PTI also induced changes in the memory TCR repertoire. The diminished number of memory TCRs following PTI could reflect the cells migrating back to other tissues such as the intestinal tract and lymph nodes. Interestingly, the TCR repertoire during PTI was more focused, and we observed the emergence of clusters of highly structurally related TCRs, indicating an antigen-specific response persisting over time (23, 26, 27, 3133). As noted in Table 3, using the GLIPH approach shows a range of connected TCRs and plausible related motifs for potential targets such as HIV-1, CMV, and EBV (56,616–12,184,516). It is tempting to suggest that the TCR expansions, and the TCR clusters both reflect HIV-1-specific CD8+ response driven by the increased HIV-1 replication and consequent expression of HIV-1 antigens when ART was removed (31, 32). However, in relation to antigen specificity using the VDJdb, one single chain match does not conclude receptor specificity. Functional studies of T cell reactivity will be required to confirm the antigen-specificity of the T cells responding to ART interruption, although these are challenging to perform in blood samples taken from children.

The low numbers of patients included in this study is a limitation which precludes a robust and statistically significant conclusion. Statistical analysis comparing low numbers of samples should be interpreted with caution. Flow cytometry analysis and particularly the TCR repertoire sequencing analysis require a large amount of good quality RNA, and large numbers of T cells from big volumes of blood, all of which are difficult to obtain in a pediatric sample setting.
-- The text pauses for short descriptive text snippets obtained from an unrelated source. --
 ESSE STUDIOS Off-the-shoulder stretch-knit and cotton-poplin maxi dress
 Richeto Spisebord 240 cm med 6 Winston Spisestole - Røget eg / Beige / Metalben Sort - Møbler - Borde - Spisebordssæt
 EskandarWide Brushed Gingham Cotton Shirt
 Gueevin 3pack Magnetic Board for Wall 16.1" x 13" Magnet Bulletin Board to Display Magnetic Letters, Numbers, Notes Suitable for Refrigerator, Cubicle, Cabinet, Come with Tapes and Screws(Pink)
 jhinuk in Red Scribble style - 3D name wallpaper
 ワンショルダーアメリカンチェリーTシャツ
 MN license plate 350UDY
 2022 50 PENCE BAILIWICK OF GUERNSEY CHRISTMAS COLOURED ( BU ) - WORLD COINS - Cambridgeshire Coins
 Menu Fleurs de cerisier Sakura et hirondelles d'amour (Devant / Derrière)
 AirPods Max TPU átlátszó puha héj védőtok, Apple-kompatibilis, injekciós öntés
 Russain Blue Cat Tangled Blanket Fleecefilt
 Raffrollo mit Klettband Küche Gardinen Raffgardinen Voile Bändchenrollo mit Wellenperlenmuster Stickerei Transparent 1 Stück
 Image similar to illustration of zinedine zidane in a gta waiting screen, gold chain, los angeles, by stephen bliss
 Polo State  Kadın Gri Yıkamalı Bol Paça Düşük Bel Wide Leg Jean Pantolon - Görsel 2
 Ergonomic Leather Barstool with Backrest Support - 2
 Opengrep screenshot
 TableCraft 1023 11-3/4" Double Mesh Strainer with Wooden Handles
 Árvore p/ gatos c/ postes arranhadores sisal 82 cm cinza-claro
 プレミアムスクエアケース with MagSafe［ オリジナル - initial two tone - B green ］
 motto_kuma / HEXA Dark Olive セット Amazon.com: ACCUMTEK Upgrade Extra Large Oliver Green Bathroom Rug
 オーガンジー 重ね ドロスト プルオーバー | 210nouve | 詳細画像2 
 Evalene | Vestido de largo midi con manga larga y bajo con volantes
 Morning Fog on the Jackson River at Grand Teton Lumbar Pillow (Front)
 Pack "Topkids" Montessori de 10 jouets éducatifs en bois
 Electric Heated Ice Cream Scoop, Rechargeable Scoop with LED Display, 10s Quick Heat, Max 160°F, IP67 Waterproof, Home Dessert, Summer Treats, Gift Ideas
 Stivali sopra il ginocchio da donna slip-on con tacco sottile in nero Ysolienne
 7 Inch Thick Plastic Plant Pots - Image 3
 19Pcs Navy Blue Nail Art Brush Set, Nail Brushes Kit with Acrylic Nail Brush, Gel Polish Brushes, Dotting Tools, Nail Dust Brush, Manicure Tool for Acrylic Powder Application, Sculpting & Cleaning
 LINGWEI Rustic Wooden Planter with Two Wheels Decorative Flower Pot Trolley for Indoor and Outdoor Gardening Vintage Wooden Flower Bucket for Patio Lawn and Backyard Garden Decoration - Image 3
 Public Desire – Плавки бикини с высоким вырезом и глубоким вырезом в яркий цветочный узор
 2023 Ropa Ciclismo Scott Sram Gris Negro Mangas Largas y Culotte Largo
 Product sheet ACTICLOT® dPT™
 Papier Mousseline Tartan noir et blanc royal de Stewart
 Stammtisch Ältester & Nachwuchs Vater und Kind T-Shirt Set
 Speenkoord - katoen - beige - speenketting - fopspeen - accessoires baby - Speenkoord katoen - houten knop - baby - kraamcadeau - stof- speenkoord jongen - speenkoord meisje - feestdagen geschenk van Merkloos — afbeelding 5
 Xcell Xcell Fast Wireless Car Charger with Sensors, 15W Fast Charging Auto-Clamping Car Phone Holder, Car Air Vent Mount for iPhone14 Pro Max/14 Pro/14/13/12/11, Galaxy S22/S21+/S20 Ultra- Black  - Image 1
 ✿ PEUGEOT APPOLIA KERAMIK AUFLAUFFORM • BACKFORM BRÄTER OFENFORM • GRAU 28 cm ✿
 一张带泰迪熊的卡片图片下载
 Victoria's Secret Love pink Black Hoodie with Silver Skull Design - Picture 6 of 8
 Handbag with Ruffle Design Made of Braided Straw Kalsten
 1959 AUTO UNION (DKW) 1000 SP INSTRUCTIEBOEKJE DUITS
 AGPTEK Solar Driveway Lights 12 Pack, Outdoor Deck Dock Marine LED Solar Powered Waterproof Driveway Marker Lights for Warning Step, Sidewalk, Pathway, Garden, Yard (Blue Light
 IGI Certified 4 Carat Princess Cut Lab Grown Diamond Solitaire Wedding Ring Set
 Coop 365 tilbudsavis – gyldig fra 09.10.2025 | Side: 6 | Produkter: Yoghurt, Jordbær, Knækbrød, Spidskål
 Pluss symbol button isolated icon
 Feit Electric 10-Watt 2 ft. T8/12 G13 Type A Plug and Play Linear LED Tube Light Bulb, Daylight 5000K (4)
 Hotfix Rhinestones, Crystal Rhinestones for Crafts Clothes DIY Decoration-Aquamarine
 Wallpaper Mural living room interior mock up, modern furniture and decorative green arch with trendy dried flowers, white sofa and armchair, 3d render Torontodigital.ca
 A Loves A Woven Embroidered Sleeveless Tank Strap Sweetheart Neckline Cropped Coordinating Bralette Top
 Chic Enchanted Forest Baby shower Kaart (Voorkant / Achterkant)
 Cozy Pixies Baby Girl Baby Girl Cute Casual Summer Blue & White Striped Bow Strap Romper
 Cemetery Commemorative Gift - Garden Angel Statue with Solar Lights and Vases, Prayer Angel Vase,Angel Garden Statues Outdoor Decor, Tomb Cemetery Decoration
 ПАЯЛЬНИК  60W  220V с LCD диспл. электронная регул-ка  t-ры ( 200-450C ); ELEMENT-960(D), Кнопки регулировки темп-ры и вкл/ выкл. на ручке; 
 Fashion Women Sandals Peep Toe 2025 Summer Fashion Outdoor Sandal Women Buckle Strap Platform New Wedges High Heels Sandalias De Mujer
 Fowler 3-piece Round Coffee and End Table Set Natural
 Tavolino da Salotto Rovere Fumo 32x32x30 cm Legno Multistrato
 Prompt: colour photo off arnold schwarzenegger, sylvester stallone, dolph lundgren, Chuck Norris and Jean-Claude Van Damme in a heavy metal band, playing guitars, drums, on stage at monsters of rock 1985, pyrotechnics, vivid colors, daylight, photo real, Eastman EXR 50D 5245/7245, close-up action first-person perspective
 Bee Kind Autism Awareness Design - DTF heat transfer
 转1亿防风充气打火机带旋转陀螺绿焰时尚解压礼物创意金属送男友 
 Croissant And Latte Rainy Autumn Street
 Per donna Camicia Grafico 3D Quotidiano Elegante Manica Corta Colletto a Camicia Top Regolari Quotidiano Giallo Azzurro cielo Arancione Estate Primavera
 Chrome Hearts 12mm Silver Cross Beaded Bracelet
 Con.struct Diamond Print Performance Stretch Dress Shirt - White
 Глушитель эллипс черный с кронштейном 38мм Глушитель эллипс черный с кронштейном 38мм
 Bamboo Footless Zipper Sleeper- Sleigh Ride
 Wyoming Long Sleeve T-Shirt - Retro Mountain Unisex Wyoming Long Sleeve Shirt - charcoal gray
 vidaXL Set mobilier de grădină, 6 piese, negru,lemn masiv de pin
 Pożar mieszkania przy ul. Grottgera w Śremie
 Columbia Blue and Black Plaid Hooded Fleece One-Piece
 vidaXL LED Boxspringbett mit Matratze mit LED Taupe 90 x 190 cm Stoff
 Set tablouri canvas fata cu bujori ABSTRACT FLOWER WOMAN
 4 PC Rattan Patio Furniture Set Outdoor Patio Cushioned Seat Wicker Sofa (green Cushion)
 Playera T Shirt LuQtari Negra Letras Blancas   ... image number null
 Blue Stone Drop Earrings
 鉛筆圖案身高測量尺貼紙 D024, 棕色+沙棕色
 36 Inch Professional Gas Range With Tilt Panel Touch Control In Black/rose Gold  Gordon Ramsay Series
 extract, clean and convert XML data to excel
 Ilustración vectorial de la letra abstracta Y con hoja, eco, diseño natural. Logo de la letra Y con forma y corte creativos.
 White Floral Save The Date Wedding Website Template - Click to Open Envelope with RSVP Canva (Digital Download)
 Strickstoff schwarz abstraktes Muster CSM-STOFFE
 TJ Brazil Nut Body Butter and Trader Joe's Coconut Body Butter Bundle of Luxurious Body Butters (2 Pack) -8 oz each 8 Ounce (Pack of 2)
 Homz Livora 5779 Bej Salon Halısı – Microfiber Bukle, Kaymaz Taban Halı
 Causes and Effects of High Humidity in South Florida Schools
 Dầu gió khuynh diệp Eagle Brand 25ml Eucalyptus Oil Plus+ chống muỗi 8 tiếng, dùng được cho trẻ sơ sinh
Furthermore, longitudinal samples from children with HIV-1 during planned ART interruption are very rare and we therefore undertook this study, despite knowing the statistical and practical challenges. However, the longitudinal nature of this study with samples during PTI and long term follow-up were essential for the study of the immunological changes resulting from treatment interruption. Comparing the PTI samples with the CT samples increased the likelihood of the observed immunological changes being true changes in response to PTI. Whilst the few samples do not represent the entire PTI population, it was a unique chance to understand the T cell based immunological mechanisms behind the pediatric immune response to HIV-1. Recent work supports our findings, reporting that even after 5 years, children tolerated PTI with few long-term clinical, virological or immunological consequences (5). The present study provides insight to new mechanisms as to why children reconstitute their T cells effectively and provides opportunities for future care of children with HIV-1 infection.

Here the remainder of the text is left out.